Soon after a doctor’s visit, emergency room visit, surgery or hospitalization, your mailbox is filled with medical bills. There are bills from the hospital, doctor’s office, laboratory, radiologist, attending physician, consulting physicians, surgeon, anesthesiologist, respiratory therapist, pharmacist, physical therapist… and on and on.

Each of the medical bills that pile up on your kitchen table is a “summary” billing statement from a single team that assisted you during your office visit or hospitalization.  Ideally, you would have actually seen a member of each healthcare team that is billing you; but in reality, a lot happens behinds the scenes in a healthcare setting. Invisible nurses, doctors, technicians, pharmacists, and other integral healthcare team members are the “hands and feet” of providing what you need, such as bringing medication to the floor, delivering lab samples, taking your vitals, and changing the sheets on your hospital bed.

With a diverse team – many of whom you never see – providing you with healthcare services, the potential for a billing error is high. Blindly paying your healthcare bills without investigating them often results in overpaying or in paying bills for which you never received service.

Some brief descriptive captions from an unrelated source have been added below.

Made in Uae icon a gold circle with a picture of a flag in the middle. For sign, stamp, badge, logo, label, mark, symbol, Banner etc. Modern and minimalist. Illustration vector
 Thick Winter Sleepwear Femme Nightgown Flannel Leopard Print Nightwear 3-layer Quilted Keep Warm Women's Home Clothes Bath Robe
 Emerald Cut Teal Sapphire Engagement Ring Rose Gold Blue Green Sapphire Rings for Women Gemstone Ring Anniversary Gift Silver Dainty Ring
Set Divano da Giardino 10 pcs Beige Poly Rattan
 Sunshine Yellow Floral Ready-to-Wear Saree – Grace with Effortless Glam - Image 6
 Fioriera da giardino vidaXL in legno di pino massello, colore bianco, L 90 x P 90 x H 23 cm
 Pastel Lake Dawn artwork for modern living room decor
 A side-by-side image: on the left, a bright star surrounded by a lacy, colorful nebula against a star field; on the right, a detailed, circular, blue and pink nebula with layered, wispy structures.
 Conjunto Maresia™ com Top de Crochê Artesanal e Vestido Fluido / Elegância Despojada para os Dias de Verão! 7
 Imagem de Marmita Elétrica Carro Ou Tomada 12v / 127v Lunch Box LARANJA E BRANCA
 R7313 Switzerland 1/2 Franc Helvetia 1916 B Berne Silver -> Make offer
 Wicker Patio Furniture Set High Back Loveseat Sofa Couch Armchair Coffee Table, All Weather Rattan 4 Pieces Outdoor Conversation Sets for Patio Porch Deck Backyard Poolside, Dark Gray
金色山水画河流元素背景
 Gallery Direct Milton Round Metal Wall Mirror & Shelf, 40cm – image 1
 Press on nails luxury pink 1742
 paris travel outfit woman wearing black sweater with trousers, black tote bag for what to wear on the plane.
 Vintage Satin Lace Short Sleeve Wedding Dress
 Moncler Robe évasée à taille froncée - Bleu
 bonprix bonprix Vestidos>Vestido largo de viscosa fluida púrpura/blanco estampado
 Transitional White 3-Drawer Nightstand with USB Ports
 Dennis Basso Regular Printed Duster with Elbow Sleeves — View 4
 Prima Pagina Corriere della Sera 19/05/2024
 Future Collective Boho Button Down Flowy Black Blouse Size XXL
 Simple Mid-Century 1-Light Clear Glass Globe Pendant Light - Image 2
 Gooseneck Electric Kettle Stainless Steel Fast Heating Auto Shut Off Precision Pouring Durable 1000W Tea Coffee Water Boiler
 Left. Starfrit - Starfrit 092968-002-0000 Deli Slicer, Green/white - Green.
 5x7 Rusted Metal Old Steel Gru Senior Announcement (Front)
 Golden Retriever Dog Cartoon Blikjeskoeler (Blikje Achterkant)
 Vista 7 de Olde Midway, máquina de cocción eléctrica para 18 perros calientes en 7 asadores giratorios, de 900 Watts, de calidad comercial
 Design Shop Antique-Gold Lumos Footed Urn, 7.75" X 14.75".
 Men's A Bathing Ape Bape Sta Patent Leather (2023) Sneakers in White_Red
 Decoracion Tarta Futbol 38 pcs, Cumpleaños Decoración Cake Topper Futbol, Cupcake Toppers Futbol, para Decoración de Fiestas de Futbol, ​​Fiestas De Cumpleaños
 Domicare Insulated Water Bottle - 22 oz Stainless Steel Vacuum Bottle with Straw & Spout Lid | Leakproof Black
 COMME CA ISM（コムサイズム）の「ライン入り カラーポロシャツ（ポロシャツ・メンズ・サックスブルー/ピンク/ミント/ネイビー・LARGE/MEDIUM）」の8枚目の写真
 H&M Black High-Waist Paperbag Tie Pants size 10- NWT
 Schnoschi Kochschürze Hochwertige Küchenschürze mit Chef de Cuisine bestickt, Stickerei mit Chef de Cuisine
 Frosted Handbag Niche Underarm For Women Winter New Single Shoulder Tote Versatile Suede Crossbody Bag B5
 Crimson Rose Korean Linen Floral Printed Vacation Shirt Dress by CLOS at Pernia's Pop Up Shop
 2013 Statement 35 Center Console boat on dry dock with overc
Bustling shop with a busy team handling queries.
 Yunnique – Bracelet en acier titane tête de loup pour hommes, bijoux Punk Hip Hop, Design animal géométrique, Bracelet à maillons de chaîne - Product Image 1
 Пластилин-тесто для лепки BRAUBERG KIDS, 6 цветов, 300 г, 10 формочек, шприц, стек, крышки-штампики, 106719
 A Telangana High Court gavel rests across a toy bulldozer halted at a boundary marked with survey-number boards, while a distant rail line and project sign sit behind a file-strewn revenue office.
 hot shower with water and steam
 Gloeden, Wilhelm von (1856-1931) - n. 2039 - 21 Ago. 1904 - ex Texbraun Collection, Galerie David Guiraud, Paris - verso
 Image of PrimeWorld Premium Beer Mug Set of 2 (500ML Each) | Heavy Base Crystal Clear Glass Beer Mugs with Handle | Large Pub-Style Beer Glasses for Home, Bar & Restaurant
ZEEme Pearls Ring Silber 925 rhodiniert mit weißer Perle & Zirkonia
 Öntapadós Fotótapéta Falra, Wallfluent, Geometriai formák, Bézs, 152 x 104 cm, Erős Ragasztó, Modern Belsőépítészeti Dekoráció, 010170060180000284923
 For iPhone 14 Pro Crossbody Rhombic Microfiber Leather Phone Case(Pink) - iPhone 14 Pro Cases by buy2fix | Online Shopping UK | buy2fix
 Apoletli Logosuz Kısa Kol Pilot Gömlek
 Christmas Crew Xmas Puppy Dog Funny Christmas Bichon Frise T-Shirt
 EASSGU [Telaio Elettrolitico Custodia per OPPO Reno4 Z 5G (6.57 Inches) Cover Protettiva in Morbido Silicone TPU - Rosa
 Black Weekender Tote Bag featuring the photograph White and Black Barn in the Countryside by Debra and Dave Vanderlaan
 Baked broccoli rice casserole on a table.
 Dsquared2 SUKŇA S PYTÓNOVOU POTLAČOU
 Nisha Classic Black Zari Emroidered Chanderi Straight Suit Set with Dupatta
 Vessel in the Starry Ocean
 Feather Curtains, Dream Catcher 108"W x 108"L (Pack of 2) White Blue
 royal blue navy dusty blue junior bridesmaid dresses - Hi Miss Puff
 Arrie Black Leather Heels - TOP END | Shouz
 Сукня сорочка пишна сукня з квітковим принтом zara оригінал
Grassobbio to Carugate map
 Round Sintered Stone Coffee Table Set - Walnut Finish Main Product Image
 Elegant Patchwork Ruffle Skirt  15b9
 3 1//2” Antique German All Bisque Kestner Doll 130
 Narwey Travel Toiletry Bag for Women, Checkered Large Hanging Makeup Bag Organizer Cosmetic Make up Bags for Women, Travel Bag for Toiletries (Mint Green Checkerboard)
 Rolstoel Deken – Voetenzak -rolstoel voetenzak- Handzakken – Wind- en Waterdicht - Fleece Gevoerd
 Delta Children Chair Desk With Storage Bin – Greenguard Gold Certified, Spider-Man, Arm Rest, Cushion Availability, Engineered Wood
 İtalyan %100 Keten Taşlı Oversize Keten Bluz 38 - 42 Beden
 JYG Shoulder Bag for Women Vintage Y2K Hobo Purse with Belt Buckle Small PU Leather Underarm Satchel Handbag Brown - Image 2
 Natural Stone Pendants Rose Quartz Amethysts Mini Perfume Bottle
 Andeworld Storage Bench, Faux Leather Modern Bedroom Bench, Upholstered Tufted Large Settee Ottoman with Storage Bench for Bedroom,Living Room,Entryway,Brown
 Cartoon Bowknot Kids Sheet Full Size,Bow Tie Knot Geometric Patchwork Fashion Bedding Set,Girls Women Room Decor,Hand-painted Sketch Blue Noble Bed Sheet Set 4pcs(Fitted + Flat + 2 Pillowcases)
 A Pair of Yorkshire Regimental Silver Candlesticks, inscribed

 Know your bills. Before you can review your medical bills for errors, you need to know what you are looking at. You will receive at least two types of bills associated with a specific medical visit or hospitalization:

  • An actual medical bill from the doctor’s office, hospital, and/or associated providers for the visit
  • An explanation of benefits from your insurance company

Review the explanation of benefits (EOB). The EOB tells you what your insurance company will pay as it relates to a medical bill. Insurance companies will include varying information in the EOB. At a minimum, the insurance company should include the following information:

  • Provider Description
  • Date of Service
  • Total Charges
  • Provider Discount
  • Excluded Charges
  • Deductible
  • Benefit Amount
  • Percentage Paid At
  • Amount Paid by Plan
  • Provider Paid Amount
  • Amount You May Owe the Provider

There will also be claim remarks on the EOB. Examples of claim remarks include:

  • “Services rendered by network provider are within contractual agreement.”
  • “Physical therapy, speech therapy and occupational therapy are not covered.”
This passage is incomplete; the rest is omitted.